** WHAT THE EXERCISE ASKS **
Give again the line that contains "Sigara Yasak İşareti" and every line after it to the end of the records. Keep them exactly as they are and add nothing.

··· MATERIAL FOR THE TASK

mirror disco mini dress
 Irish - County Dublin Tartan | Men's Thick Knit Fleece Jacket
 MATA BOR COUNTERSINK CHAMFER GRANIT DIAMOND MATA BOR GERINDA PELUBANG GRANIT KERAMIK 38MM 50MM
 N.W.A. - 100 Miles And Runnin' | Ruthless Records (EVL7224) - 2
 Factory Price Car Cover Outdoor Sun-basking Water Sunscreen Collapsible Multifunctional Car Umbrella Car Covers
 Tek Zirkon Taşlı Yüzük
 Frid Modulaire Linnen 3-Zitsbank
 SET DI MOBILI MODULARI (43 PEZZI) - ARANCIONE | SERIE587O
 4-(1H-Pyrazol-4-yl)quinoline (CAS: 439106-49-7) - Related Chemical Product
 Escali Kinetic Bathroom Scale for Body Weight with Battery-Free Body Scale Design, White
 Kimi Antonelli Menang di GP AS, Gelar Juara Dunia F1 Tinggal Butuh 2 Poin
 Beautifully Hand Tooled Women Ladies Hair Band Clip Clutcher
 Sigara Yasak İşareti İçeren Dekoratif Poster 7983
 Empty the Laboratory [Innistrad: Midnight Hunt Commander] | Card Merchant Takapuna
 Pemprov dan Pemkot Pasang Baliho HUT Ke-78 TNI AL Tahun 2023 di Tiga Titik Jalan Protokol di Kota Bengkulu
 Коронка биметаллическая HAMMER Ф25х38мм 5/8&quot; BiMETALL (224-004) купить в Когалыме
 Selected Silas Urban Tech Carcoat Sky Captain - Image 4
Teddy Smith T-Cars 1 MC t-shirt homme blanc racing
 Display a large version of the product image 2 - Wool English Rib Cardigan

······

** OUTPUT BELOW **
 Sigara Yasak İşareti İçeren Dekoratif Poster 7983
 Empty the Laboratory [Innistrad: Midnight Hunt Commander] | Card Merchant Takapuna
 Pemprov dan Pemkot Pasang Baliho HUT Ke-78 TNI AL Tahun 2023 di Tiga Titik Jalan Protokol di Kota Bengkulu
 Коронка биметаллическая HAMMER Ф25х38мм 5/8&quot; BiMETALL (224-004) купить в Когалыме
 Selected Silas Urban Tech Carcoat Sky Captain - Image 4
Teddy Smith T-Cars 1 MC t-shirt homme blanc racing
 Display a large version of the product image 2 - Wool English Rib Cardigan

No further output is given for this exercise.